The Book That Changed My Life

Mystery of the Chinese Junk

I swear that the story I’m about to tell you is true. It’s odd and a little eerie, but it really happened. First, though, a little background.

A Book Bargain for Bibliophiles

A few years ago as I was sifting through the discount bin of a local bookstore, I stumbled across a gem of a book titled The Book That Changed My Life: 71 Remarkable Writers Celebrate the Books That Matter Most to Them. I paid $1.99 for this priceless treasure-trove of personal testimonies to the transformative power of reading. I highly recommend this collection of essays as a great read-aloud for your language arts class. Each essay is short enough to read in a few minutes and would be a great way to begin a lesson. The book has essays by Dorothy Allison, Harold Bloom, Billy Collins, Patricia Cornwell, and David Halberstam, just to name a few; and the authors pay tribute to works including The Lord of the Rings, The Yearling, Jane Eyre, The Great Gatsby, Charlotte’s Web, and many, many more.
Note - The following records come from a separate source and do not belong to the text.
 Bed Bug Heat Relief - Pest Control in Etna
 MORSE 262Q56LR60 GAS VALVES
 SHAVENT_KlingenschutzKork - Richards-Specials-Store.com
As I was thinking about how the book could be used to launch a writing assignment (students could write about a book that has had a profound influence on them, or maybe they could interview a relative, asking them which book has changed their lives), I began thinking about the book that has had the most profound effect on me. The first book that came to mind–no surprise for those who know me–is The Lord of the Rings. And it’s true, that book more than any other has changed my life. But before I met Frodo, Samwise, and the rest of the Fellowship, I was a ten-year old kid living in Kennewick, Washington, who had never read a real book. And then one day…

My Story

In the summer of 1976, we lived on a quiet little lane on the top of Garfield Hill in Kennewick, Washington, where one magical summer day I was playing outside alone. I don’t remember what I was playing, or why my brothers and sister weren’t outside with me, but I do remember standing on our front porch watching a strange boy approach towing a little red wagon. I say strange not only because I had never seen him before, but also because of his odd behavior. He was three or four houses away, and he walked slowly down the street tugging his Red Flyer behind him, stopping in front of each and every driveway in the cul-de-sac. He had sandy-blonde hair and wore jeans and a striped t-shirt, and he looked as if he were my age, or maybe a year or two older. It’s peculiar how his image is burned into my memory.
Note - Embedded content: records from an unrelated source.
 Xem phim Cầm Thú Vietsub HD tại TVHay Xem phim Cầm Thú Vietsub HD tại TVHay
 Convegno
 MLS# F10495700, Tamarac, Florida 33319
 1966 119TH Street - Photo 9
As he approached each house he would pause at the driveway, look at the front door for a few moments, then he would reach into his red wagon and pull something out of it which he tossed into the driveway. Then he would nod his head in satisfaction and move on to the next house. As he got closer and closer, I could see what he was throwing into the driveways.

Books.

His Red Flyer was filled with books.

Finally he got to our house. But instead of looking at our door he looked directly at me. He looked me up and down, and then he nodded to himself. He turned around, reached into his wagon, and pulled out a book. He smiled and said, “You’ll like this.” And then he tossed it into the driveway and walked on, pulling his Red Flyer behind him.
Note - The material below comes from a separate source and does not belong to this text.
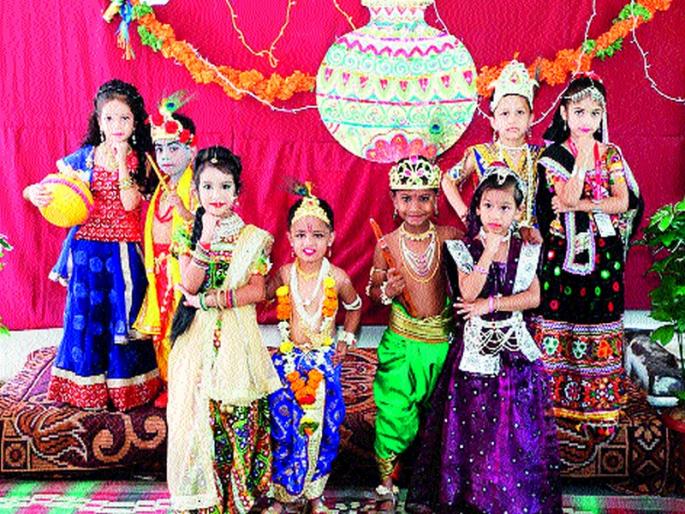 ... of Jai Kanhaiyalal | ...जय कन्हैयालाल की  ... of Jai Kanhaiyalal | ...जय कन्हैयालाल की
chinesejunkcoverI waited for him to get a house or two away then came down to the driveway and gingerly picked up the book he had left behind for me. For me. “You’ll like this,” he had said. It was a hardcover book with a blue spine. The front cover read, The Hardy Boys: The Mystery of the Chinese Junk. It had a picture of two boys in a motorboat on the water staring at a foreign-looking sailing ship. I ran inside and showed it to my mom, who was in the kitchen, baking.

“Mom! Look what someone just threw into our driveway.”

She wiped her hands on a dishrag and took the book.

“Oh, the Hardy Boys. You’ll like it. You should read it.”

That’s all she said. No questions about who threw it or why. Just, “You’ll like it.”

So I took it and read it. The first real book I ever read. And they were both right, the strange boy and my mother. I did like it. In fact, I loved it. There was a big list of other Hardy Boy books on the back cover, and I asked my mom if she would buy them for me, and she did, as quickly as I could read them: The Tower Treasure, While the Clock Ticked, The Disappearing Floor, The Secret of the Caves, and many more. A lifelong love of reading had been born.

I never saw the boy again. I don’t know who he was or why he went through our neighborhood tossing books into driveways that day. But I still have the book. That Hardy Boys book changed my life. From that moment on I was a reader, and my life has never been the same.